Farm Household Support Amendment (Ancillary Benefits) Bill 2010


Bills Digest no. 160 2009–10

Farm Household Support Amendment (Ancillary Benefits) Bill 2010

This Digest was prepared for debate. It reflects the legislation as introduced and does not canvass subsequent amendments. This Digest does not have any official legal status. Other sources should be consulted to determine the subsequent official status of the Bill.


Passage history
Financial implications
Main provisions
Concluding comments
Contact officer & copyright details

Passage history

Farm Household Support Amendment (Ancillary Benefits) Bill 2010

Date introduced:  26 May 2010

House:  Representatives

Portfolio:  Agriculture, Fisheries and Forestry

Commencement:  Royal Assent

Links: The links to the Bill, its Explanatory Memorandum and second reading speech can be found on the Bills page, which is at When Bills have been passed they can be found at ComLaw, which is at


The purpose of the Bill is to ensure that recipients of income support under the Farm Family Support component of a trial of new drought policy measures in Western Australia can access the full range of so-called ‘ancillary benefits’ which are already available to recipients of Exceptional Circumstances Relief Payment and other welfare recipients under existing legislation.

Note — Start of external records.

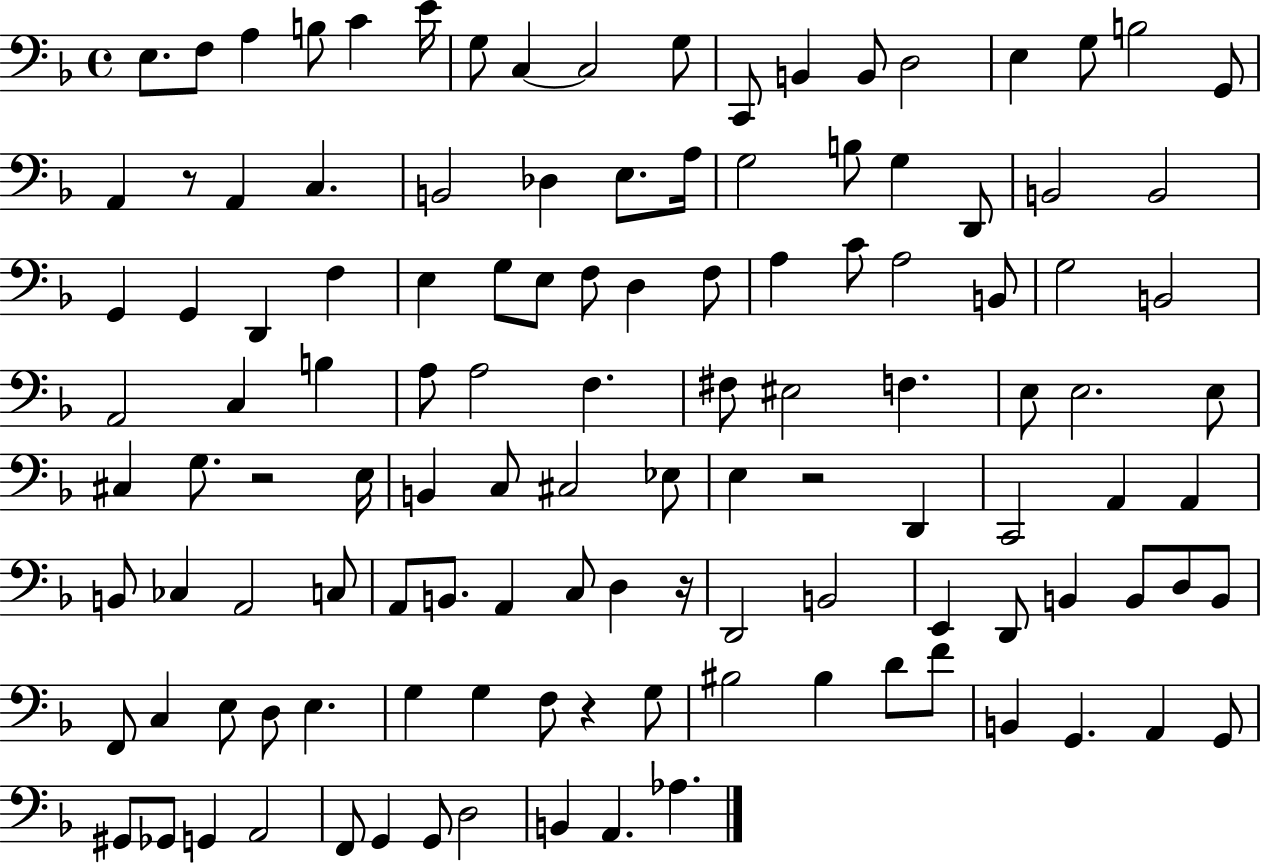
X:1
T:Untitled
M:4/4
L:1/4
K:F
E,/2 F,/2 A, B,/2 C E/4 G,/2 C, C,2 G,/2 C,,/2 B,, B,,/2 D,2 E, G,/2 B,2 G,,/2 A,, z/2 A,, C, B,,2 _D, E,/2 A,/4 G,2 B,/2 G, D,,/2 B,,2 B,,2 G,, G,, D,, F, E, G,/2 E,/2 F,/2 D, F,/2 A, C/2 A,2 B,,/2 G,2 B,,2 A,,2 C, B, A,/2 A,2 F, ^F,/2 ^E,2 F, E,/2 E,2 E,/2 ^C, G,/2 z2 E,/4 B,, C,/2 ^C,2 _E,/2 E, z2 D,, C,,2 A,, A,, B,,/2 _C, A,,2 C,/2 A,,/2 B,,/2 A,, C,/2 D, z/4 D,,2 B,,2 E,, D,,/2 B,, B,,/2 D,/2 B,,/2 F,,/2 C, E,/2 D,/2 E, G, G, F,/2 z G,/2 ^B,2 ^B, D/2 F/2 B,, G,, A,, G,,/2 ^G,,/2 _G,,/2 G,, A,,2 F,,/2 G,, G,,/2 D,2 B,, A,, _A,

Basis of policy commitment

The Government’s planned changes to drought assistance arrangements have their origins in the ALP’s 2007 election platform for primary industries which states:

... Labor believes that EC arrangements should not be used to artificially support producers who are not viable over the longer term, and that EC policy should not reduce the need for responsible risk management by agriculture producers.

Labor believes it is important for governments to increase the number of drought ready farming businesses so that farms are more prepared for years with reduced rainfall in the context of climate change.

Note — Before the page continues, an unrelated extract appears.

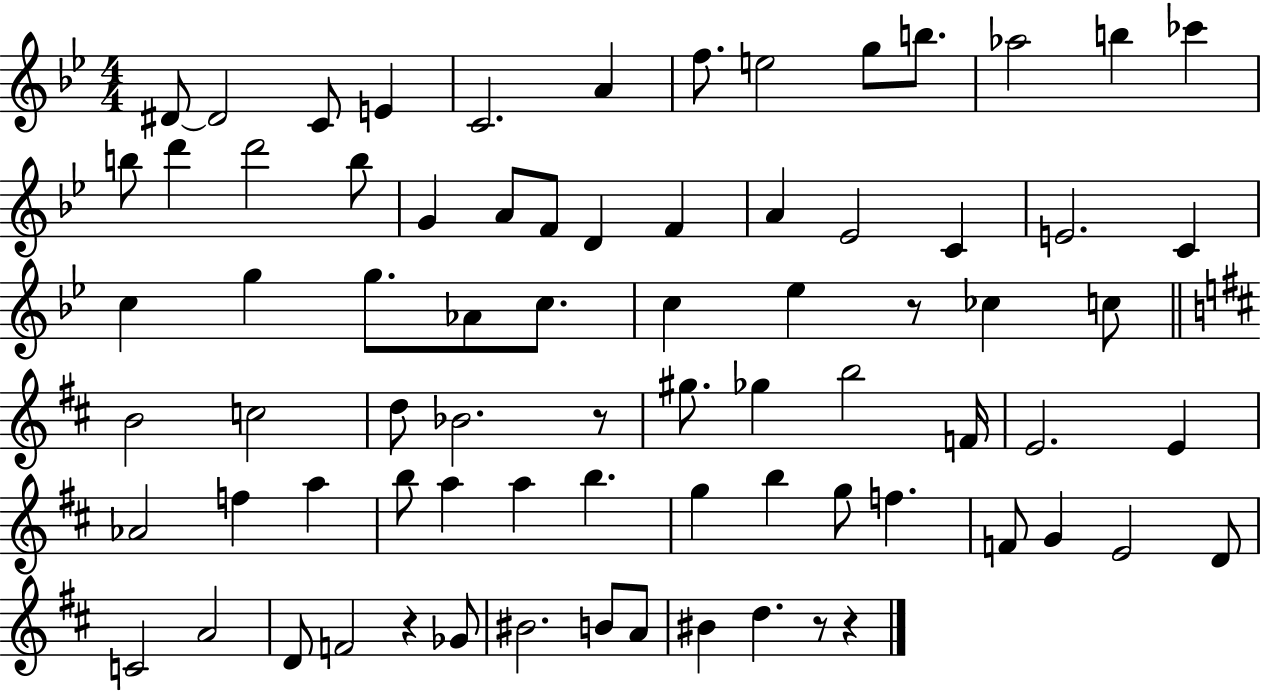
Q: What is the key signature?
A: BES major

A Rudd Labor Government will continue the evolution of EC policy, and will work with the farm sector including the National Farmers Federation to examine the links between the objectives of drought support and natural resource management policy more broadly.[1]

In April 2008 the Minister for Agriculture, Fisheries and Forestry (the Minister) announced a review of drought policy ‘to help prepare farmers and local communities for climate change’.[2]

A one year pilot of new drought policy measures to be conducted in Western Australia (WA) was announced by the Government on 5 May 2010 with funding of $18 million provided for in the 2010–11 Budget.[3]

Existing drought support arrangements

For nearly two decades Exceptional Circumstances (EC) assistance has been the major policy measure for the provision of financial support to households and businesses experiencing prolonged dry seasonal conditions. Exceptional circumstances are those climatic and other events of sufficient rarity and severity as to be considered outside the scope of reasonable and responsible risk management strategies. Relatively short periods of income decline due to fluctuations in both seasonal and market conditions are not included as farmers are expected to have strategies in place to deal with these. This means, for example, that a drought as defined in meteorological terms does not automatically qualify for EC.

Under EC assistance direct, short-term, financial assistance is provided to farmers, and more recently agriculture dependent small business operators, for the purposes of both welfare support to households and business assistance. The EC Relief Payment (ECRP) is the welfare component of EC and equivalent to the Newstart Allowance. Additional benefits including access to a health care card and concessional arrangements for Youth Allowance are also available. EC Interest Rate Subsidies (ECIRS) is the business support component of EC.

Drought policy review

As part of the April 2008 announcement the Minister advised the drought policy review would include:

  • an economic assessment of current drought support measures by a Productivity Commission (PC) report
  • an expert panel to assess the social impacts of drought
  • a detailed scientific examination of likely future climate patterns and the current EC standard of a one-in-20-to-25-year-event undertaken by the Bureau of Meteorology (BoM) and CSIRO.

He also noted:

If droughts become longer and more frequent, farmers may not qualify for drought support under the current definition of an exceptional event, because it may not be something that only occurs every 20-to-25-years.[4]

The announcement also stated the aim was to have an improved drought policy in place by July 2009.[5]


The joint BoM/CSIRO scientific study examining the appropriateness of the one in 20–25 year EC event trigger was completed in July 2008 and concluded:

The current EC trigger, based on historical records, has already resulted in many areas of Australia being drought declared in more than five per cent of years, and the frequency and severity are likely to increase. The principal implication of the findings of this study is that the existing trigger is not appropriate under a changing climate.[6]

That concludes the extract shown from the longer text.